= Junk Science and the American Criminal Justice System =

Book written by M. Chris Fabricant

Junk Science and the American Criminal Justice System is a book written by M. Chris Fabricant.

== Background ==
The book was written by M. Chris Fabricant and pulished by Akashic Books on April 5, 2022. Fabricant works as the director of strategic litigation for the Innocence Project. Fabricant argues that in the 1960s and 1970s people began trying to apply science to forensic investigation in ways that often led to wrongful convictions. Fabricant defines junk science as "subjective speculation masquerading as scientific evidence.". The book discusses the history of forensic dentistry and other forensic practices that do not hold scientific weight. One of the problems with claiming to use science in forensics is that the judge and jury are scientifically illerate and unable to verify whether the scientific claims are sound or not.

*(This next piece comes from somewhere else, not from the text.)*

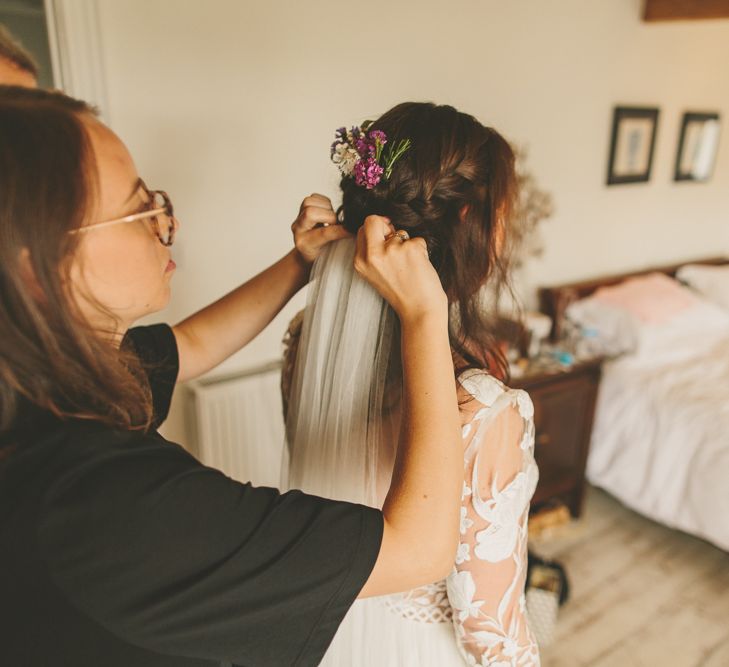 Floral hairpiece for bride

The book covers the case of Steve Chaney who was convicted in 1987 based on forensic dentistry that was later contested by the Innocence Project. The book also covers the case of Keith Allen Harward. The book explores how prosecutors like Henry Wade used pseudo science to put innocent people in prison. The book contains a chapter dedicated to how innocent people have been executed in the United States because of the use of junk science as evidence.

The audiobook was narrated by Chris Henry Coffey. The book covers a broader set of topics, but is similar to The Cadaver King and the Country Dentist: A True Story of Injustice in the American South by Radley Balko and Tucker Carrington.

== Reception ==
The book received a starred review in Publishers Weekly with the praise that the book "will likely shake even advocates of robust law and order approaches." Sarah Datta writes in Pursuit Magazine that Fabricant's "expertise as an Innocence Project attorney shines through on every page".